Provided data:
== Segment start ==

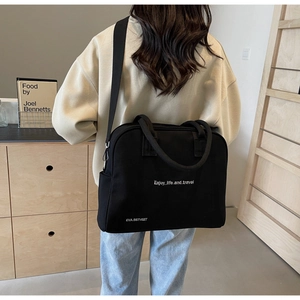 Detail of a black canvas tote bag with Enjoy life and travel print shown in a lifestyle shot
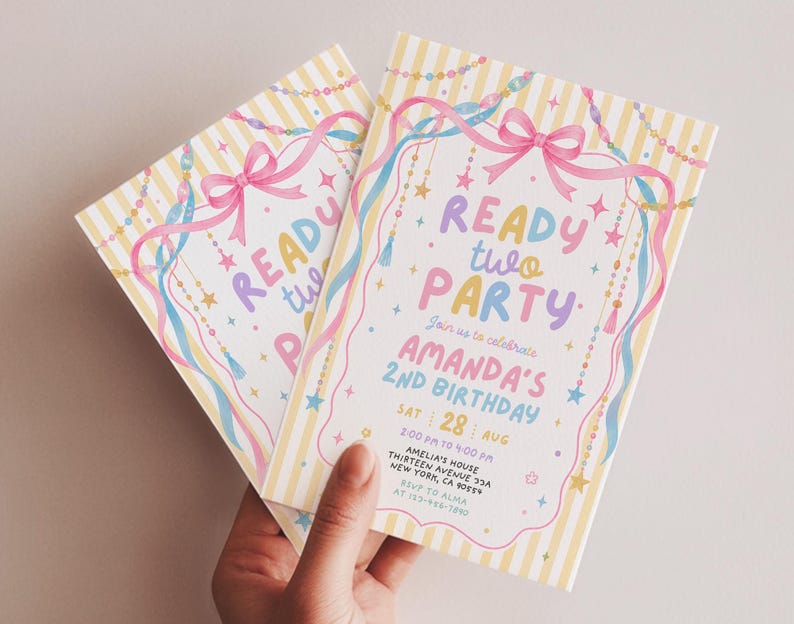May include: Two rectangular birthday party invitations with yellow and white vertical stripes. The text reads READY TWO PARTY, AMANDA'S 2nd BIRTHDAY, SAT 28 AUG, 2:00 PM TO 4:00 PM, AMELIA'S HOUSE, THIRTEEN AVENUE 73A, NEW YORK, CA 90554, RSVP TO ALMA AT 123-456-7890.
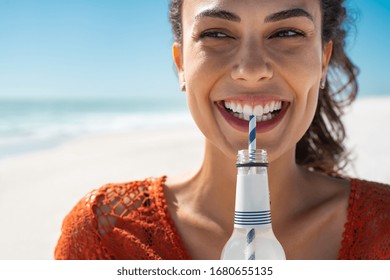 Closeup face of young woman drinking fresh sparkling water from a glass bottle at beach. Portrait of beautiful carefree girl drinking soft drink with straw during summer. Smiling girl staying hydrated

== Segment end ==

Exercise aim: The reply must hold every line above exactly as written and none of the pictures.

Exercise result:
 Detail of a black canvas tote bag with Enjoy life and travel print shown in a lifestyle shot
May include: Two rectangular birthday party invitations with yellow and white vertical stripes. The text reads READY TWO PARTY, AMANDA'S 2nd BIRTHDAY, SAT 28 AUG, 2:00 PM TO 4:00 PM, AMELIA'S HOUSE, THIRTEEN AVENUE 73A, NEW YORK, CA 90554, RSVP TO ALMA AT 123-456-7890.
 Closeup face of young woman drinking fresh sparkling water from a glass bottle at beach. Portrait of beautiful carefree girl drinking soft drink with straw during summer. Smiling girl staying hydrated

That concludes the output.